── DATA

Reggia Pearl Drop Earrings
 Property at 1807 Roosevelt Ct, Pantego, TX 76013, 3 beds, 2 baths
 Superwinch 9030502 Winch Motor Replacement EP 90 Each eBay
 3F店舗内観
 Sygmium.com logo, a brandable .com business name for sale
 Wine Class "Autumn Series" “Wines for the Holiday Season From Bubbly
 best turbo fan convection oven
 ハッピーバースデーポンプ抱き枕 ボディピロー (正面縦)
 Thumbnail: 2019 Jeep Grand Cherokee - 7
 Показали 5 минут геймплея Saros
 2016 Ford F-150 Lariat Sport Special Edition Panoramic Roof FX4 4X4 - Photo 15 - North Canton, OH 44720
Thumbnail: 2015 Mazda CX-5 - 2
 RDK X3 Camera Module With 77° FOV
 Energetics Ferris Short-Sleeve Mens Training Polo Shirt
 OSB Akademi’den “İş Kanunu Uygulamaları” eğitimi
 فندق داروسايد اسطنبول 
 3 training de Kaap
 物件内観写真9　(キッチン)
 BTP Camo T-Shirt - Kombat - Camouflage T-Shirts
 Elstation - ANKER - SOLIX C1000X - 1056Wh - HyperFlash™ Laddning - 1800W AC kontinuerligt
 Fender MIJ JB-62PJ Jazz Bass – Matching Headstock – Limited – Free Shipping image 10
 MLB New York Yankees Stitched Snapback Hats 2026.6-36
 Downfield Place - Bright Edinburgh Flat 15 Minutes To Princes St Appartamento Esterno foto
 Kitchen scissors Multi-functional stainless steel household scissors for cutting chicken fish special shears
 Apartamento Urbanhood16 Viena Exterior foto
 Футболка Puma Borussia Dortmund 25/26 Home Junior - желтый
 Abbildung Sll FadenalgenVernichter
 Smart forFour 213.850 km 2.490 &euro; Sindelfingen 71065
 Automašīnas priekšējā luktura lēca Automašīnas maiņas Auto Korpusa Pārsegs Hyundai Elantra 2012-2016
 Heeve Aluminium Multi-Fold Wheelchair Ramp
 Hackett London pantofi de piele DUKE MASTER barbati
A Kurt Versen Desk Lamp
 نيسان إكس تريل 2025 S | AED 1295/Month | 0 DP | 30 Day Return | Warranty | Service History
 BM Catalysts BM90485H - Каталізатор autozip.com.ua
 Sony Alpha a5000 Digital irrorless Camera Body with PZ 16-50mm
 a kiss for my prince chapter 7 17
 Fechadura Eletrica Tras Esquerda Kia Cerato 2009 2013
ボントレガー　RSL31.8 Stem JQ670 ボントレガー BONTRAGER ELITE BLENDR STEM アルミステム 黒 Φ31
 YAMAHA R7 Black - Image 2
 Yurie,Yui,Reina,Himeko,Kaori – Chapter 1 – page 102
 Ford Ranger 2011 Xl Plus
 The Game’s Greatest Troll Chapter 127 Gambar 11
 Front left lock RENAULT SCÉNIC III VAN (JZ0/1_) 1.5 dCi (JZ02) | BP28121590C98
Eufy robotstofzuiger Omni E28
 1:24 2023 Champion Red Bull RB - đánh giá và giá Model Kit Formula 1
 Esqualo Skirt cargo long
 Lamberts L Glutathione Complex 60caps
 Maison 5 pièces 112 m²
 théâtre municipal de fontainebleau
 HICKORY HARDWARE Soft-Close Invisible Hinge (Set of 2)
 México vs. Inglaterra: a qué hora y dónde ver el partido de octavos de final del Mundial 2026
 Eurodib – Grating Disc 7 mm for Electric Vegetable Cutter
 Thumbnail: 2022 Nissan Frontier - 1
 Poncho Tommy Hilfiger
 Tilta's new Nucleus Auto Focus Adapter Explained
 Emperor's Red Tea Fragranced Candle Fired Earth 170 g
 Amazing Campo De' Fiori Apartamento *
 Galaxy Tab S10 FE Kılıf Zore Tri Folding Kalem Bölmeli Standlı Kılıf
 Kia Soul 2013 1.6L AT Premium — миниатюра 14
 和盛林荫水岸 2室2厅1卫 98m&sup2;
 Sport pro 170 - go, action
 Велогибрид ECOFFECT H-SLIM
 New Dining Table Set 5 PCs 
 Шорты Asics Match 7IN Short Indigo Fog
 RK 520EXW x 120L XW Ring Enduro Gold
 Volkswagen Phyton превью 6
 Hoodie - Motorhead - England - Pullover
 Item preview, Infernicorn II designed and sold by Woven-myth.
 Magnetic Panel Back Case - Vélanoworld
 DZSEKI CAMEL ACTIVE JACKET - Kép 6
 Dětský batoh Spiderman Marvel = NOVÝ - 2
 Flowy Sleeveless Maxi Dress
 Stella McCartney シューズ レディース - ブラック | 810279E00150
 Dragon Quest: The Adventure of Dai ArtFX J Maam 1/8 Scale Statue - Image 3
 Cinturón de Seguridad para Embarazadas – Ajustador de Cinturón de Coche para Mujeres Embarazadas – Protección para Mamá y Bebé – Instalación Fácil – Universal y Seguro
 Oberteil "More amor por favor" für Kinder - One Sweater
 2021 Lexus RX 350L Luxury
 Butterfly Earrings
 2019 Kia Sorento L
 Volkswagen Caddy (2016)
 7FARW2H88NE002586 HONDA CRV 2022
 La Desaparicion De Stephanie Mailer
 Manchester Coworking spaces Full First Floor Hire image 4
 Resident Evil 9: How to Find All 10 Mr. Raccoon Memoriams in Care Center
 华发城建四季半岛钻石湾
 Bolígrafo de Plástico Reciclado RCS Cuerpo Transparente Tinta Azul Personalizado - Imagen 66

────

Reproduce the listing above in its entirety, unchanged.

→ ANSWER BOX:
Reggia Pearl Drop Earrings
 Property at 1807 Roosevelt Ct, Pantego, TX 76013, 3 beds, 2 baths
 Superwinch 9030502 Winch Motor Replacement EP 90 Each eBay
 3F店舗内観
 Sygmium.com logo, a brandable .com business name for sale
 Wine Class "Autumn Series" “Wines for the Holiday Season From Bubbly
 best turbo fan convection oven
 ハッピーバースデーポンプ抱き枕 ボディピロー (正面縦)
 Thumbnail: 2019 Jeep Grand Cherokee - 7
 Показали 5 минут геймплея Saros
 2016 Ford F-150 Lariat Sport Special Edition Panoramic Roof FX4 4X4 - Photo 15 - North Canton, OH 44720
Thumbnail: 2015 Mazda CX-5 - 2
 RDK X3 Camera Module With 77° FOV
 Energetics Ferris Short-Sleeve Mens Training Polo Shirt
 OSB Akademi’den “İş Kanunu Uygulamaları” eğitimi
 فندق داروسايد اسطنبول 
 3 training de Kaap
 物件内観写真9　(キッチン)
 BTP Camo T-Shirt - Kombat - Camouflage T-Shirts
 Elstation - ANKER - SOLIX C1000X - 1056Wh - HyperFlash™ Laddning - 1800W AC kontinuerligt
 Fender MIJ JB-62PJ Jazz Bass – Matching Headstock – Limited – Free Shipping image 10
 MLB New York Yankees Stitched Snapback Hats 2026.6-36
 Downfield Place - Bright Edinburgh Flat 15 Minutes To Princes St Appartamento Esterno foto
 Kitchen scissors Multi-functional stainless steel household scissors for cutting chicken fish special shears
 Apartamento Urbanhood16 Viena Exterior foto
 Футболка Puma Borussia Dortmund 25/26 Home Junior - желтый
 Abbildung Sll FadenalgenVernichter
 Smart forFour 213.850 km 2.490 &euro; Sindelfingen 71065
 Automašīnas priekšējā luktura lēca Automašīnas maiņas Auto Korpusa Pārsegs Hyundai Elantra 2012-2016
 Heeve Aluminium Multi-Fold Wheelchair Ramp
 Hackett London pantofi de piele DUKE MASTER barbati
A Kurt Versen Desk Lamp
 نيسان إكس تريل 2025 S | AED 1295/Month | 0 DP | 30 Day Return | Warranty | Service History
 BM Catalysts BM90485H - Каталізатор autozip.com.ua
 Sony Alpha a5000 Digital irrorless Camera Body with PZ 16-50mm
 a kiss for my prince chapter 7 17
 Fechadura Eletrica Tras Esquerda Kia Cerato 2009 2013
ボントレガー　RSL31.8 Stem JQ670 ボントレガー BONTRAGER ELITE BLENDR STEM アルミステム 黒 Φ31
 YAMAHA R7 Black - Image 2
 Yurie,Yui,Reina,Himeko,Kaori – Chapter 1 – page 102
 Ford Ranger 2011 Xl Plus
 The Game’s Greatest Troll Chapter 127 Gambar 11
 Front left lock RENAULT SCÉNIC III VAN (JZ0/1_) 1.5 dCi (JZ02) | BP28121590C98
Eufy robotstofzuiger Omni E28
 1:24 2023 Champion Red Bull RB - đánh giá và giá Model Kit Formula 1
 Esqualo Skirt cargo long
 Lamberts L Glutathione Complex 60caps
 Maison 5 pièces 112 m²
 théâtre municipal de fontainebleau
 HICKORY HARDWARE Soft-Close Invisible Hinge (Set of 2)
 México vs. Inglaterra: a qué hora y dónde ver el partido de octavos de final del Mundial 2026
 Eurodib – Grating Disc 7 mm for Electric Vegetable Cutter
 Thumbnail: 2022 Nissan Frontier - 1
 Poncho Tommy Hilfiger
 Tilta's new Nucleus Auto Focus Adapter Explained
 Emperor's Red Tea Fragranced Candle Fired Earth 170 g
 Amazing Campo De' Fiori Apartamento *
 Galaxy Tab S10 FE Kılıf Zore Tri Folding Kalem Bölmeli Standlı Kılıf
 Kia Soul 2013 1.6L AT Premium — миниатюра 14
 和盛林荫水岸 2室2厅1卫 98m&sup2;
 Sport pro 170 - go, action
 Велогибрид ECOFFECT H-SLIM
 New Dining Table Set 5 PCs 
 Шорты Asics Match 7IN Short Indigo Fog
 RK 520EXW x 120L XW Ring Enduro Gold
 Volkswagen Phyton превью 6
 Hoodie - Motorhead - England - Pullover
 Item preview, Infernicorn II designed and sold by Woven-myth.
 Magnetic Panel Back Case - Vélanoworld
 DZSEKI CAMEL ACTIVE JACKET - Kép 6
 Dětský batoh Spiderman Marvel = NOVÝ - 2
 Flowy Sleeveless Maxi Dress
 Stella McCartney シューズ レディース - ブラック | 810279E00150
 Dragon Quest: The Adventure of Dai ArtFX J Maam 1/8 Scale Statue - Image 3
 Cinturón de Seguridad para Embarazadas – Ajustador de Cinturón de Coche para Mujeres Embarazadas – Protección para Mamá y Bebé – Instalación Fácil – Universal y Seguro
 Oberteil "More amor por favor" für Kinder - One Sweater
 2021 Lexus RX 350L Luxury
 Butterfly Earrings
 2019 Kia Sorento L
 Volkswagen Caddy (2016)
 7FARW2H88NE002586 HONDA CRV 2022
 La Desaparicion De Stephanie Mailer
 Manchester Coworking spaces Full First Floor Hire image 4
 Resident Evil 9: How to Find All 10 Mr. Raccoon Memoriams in Care Center
 华发城建四季半岛钻石湾
 Bolígrafo de Plástico Reciclado RCS Cuerpo Transparente Tinta Azul Personalizado - Imagen 66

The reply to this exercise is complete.